**WORK TO COMPLETE**
Nothing but the lines below from the one containing "Key features include" through the one containing "Here we have" should appear in the answer, exact and without pictures.

**EXERCISE INPUT**
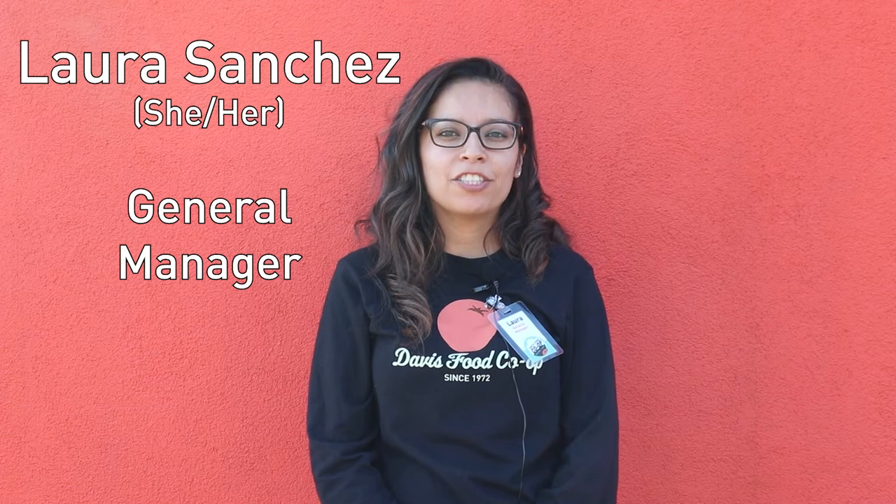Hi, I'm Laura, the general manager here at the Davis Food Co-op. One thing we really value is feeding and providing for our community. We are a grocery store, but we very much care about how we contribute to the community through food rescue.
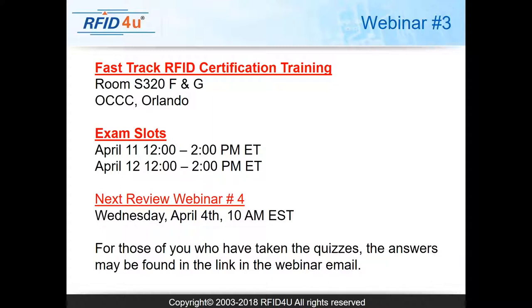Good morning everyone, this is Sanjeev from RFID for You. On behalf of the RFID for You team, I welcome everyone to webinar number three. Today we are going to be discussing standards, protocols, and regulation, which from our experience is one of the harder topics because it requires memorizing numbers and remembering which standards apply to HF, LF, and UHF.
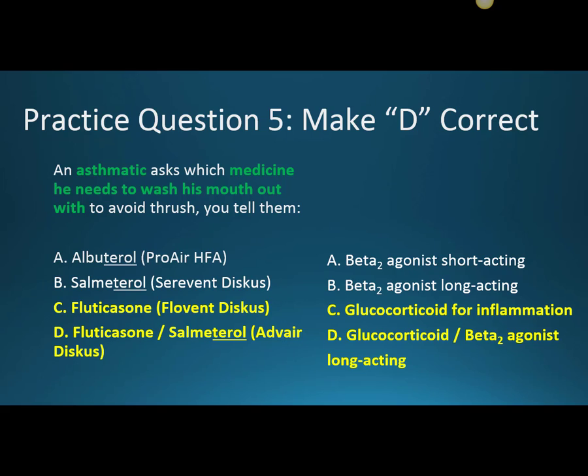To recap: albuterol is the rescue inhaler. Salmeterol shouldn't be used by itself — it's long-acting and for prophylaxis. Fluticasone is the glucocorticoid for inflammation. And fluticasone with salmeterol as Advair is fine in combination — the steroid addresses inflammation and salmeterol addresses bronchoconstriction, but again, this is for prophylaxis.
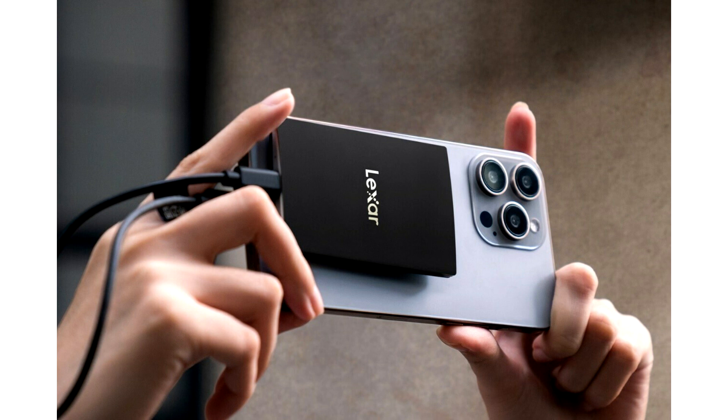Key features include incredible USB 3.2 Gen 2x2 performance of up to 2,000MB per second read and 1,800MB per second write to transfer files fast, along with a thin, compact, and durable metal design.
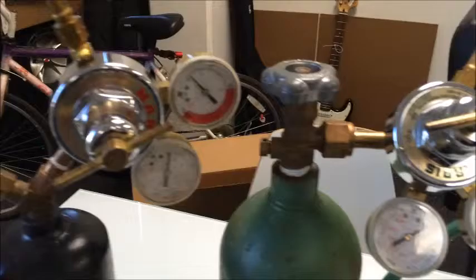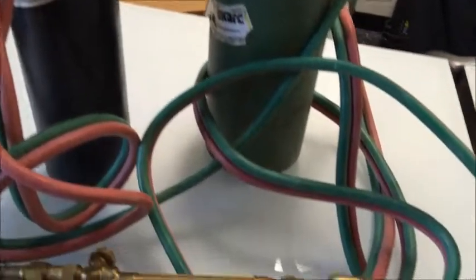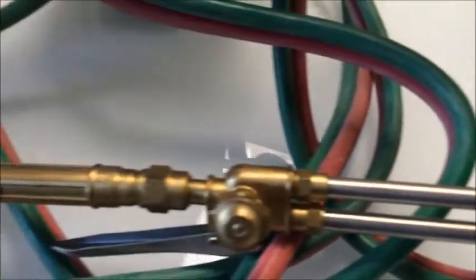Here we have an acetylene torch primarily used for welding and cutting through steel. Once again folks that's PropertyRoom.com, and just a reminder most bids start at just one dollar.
* * *
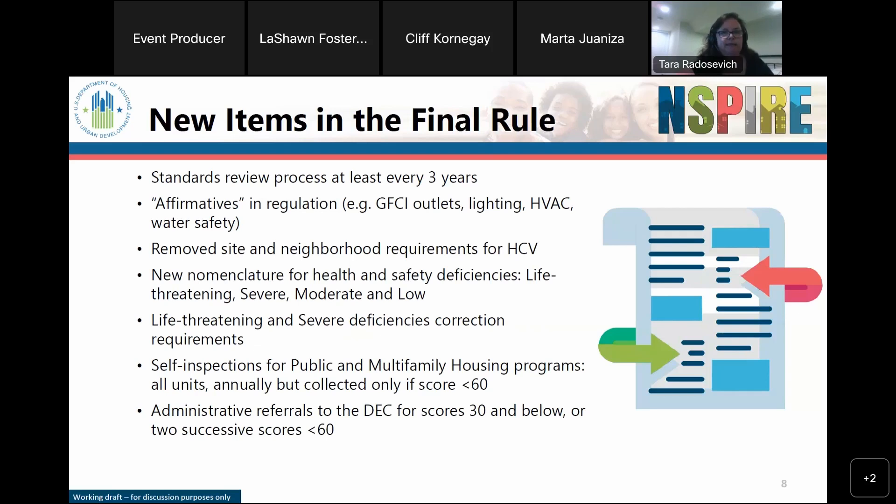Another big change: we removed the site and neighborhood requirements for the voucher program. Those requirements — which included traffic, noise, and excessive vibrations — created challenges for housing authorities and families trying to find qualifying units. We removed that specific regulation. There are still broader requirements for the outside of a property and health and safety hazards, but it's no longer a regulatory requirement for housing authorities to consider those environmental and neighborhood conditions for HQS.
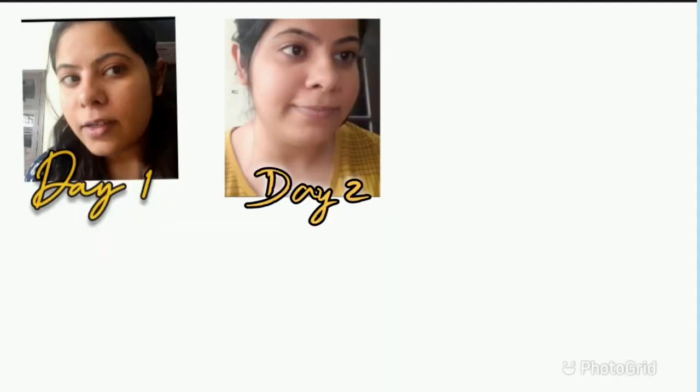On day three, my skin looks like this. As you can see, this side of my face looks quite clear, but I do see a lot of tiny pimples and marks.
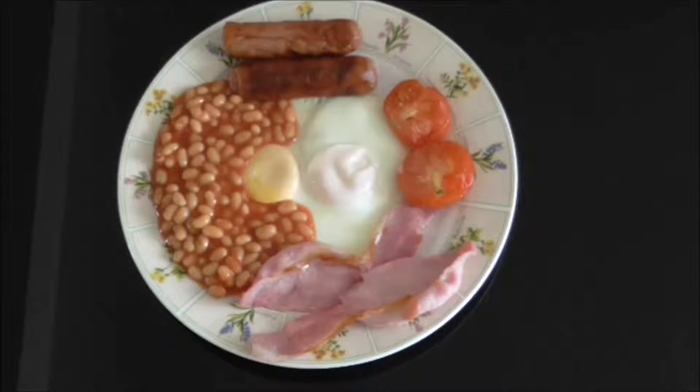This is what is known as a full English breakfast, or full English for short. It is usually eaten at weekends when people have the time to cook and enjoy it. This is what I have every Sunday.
---
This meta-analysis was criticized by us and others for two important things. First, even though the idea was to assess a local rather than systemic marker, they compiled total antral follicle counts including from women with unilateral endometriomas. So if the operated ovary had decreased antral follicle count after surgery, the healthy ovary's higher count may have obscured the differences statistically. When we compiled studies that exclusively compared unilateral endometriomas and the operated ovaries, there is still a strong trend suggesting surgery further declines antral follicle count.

**RESULT OF THE TASK**
Key features include incredible USB 3.2 Gen 2x2 performance of up to 2,000MB per second read and 1,800MB per second write to transfer files fast, along with a thin, compact, and durable metal design.
Here we have an acetylene torch primarily used for welding and cutting through steel. Once again folks that's PropertyRoom.com, and just a reminder most bids start at just one dollar.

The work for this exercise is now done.